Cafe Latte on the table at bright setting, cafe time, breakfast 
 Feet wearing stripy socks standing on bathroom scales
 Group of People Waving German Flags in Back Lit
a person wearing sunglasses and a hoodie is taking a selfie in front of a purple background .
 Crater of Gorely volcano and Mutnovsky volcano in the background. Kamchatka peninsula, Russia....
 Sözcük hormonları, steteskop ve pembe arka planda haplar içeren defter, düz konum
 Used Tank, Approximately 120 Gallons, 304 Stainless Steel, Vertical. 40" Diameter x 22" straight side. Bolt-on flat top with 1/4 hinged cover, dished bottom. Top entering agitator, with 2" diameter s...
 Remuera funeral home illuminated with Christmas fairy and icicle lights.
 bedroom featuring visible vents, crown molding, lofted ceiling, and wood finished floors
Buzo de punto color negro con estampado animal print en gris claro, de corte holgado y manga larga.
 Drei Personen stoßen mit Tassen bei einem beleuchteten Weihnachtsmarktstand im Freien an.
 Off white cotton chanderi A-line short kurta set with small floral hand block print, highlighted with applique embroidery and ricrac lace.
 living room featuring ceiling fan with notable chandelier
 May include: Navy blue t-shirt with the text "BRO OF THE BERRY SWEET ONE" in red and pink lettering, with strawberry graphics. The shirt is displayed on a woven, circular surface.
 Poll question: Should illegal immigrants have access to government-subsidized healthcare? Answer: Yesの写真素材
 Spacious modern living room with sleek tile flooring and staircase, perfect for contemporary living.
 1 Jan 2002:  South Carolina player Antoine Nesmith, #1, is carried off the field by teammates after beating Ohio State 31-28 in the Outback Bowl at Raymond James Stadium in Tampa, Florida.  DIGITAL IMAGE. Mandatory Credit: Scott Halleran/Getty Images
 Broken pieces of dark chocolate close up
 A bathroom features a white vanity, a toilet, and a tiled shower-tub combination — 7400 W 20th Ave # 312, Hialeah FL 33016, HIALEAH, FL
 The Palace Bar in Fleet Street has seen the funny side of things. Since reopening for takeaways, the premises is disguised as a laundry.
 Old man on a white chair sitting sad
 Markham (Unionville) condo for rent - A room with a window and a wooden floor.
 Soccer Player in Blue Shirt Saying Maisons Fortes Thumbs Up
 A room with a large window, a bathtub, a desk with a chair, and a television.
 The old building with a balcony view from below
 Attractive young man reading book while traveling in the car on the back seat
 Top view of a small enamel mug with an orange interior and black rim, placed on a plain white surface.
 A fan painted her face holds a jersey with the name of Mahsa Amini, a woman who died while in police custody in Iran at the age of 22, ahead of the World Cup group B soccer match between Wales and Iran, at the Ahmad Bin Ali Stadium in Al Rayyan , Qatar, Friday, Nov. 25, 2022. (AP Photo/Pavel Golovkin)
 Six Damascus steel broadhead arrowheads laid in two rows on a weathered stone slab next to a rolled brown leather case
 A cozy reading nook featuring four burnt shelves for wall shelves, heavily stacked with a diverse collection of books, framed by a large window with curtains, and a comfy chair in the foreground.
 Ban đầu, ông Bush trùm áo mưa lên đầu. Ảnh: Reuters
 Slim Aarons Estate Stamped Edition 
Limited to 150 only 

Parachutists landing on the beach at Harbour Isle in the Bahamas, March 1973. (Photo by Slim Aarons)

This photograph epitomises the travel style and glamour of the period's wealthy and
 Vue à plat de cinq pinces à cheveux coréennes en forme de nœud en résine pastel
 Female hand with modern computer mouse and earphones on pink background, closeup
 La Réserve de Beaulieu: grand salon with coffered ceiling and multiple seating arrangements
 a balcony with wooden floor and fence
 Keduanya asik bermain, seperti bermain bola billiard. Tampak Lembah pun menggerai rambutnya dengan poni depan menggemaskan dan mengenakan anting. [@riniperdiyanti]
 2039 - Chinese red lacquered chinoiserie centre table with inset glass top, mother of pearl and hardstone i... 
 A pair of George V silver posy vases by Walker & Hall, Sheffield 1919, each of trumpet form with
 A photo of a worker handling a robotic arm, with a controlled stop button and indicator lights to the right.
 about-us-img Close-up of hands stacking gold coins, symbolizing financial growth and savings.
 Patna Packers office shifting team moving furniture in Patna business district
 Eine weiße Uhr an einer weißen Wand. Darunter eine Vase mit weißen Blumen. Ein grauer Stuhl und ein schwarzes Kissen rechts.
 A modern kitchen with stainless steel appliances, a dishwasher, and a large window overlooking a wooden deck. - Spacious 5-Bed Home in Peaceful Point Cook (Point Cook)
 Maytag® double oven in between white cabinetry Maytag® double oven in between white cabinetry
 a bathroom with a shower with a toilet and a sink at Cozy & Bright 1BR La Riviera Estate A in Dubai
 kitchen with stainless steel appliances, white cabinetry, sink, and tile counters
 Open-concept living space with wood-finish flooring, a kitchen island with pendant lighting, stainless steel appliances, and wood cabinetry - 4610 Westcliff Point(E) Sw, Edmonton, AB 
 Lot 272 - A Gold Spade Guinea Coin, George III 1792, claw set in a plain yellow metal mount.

--- Exercise description ---
Reply with one number, the count of lines in the entries that hold the string "print".

--- Result of this exercise ---
2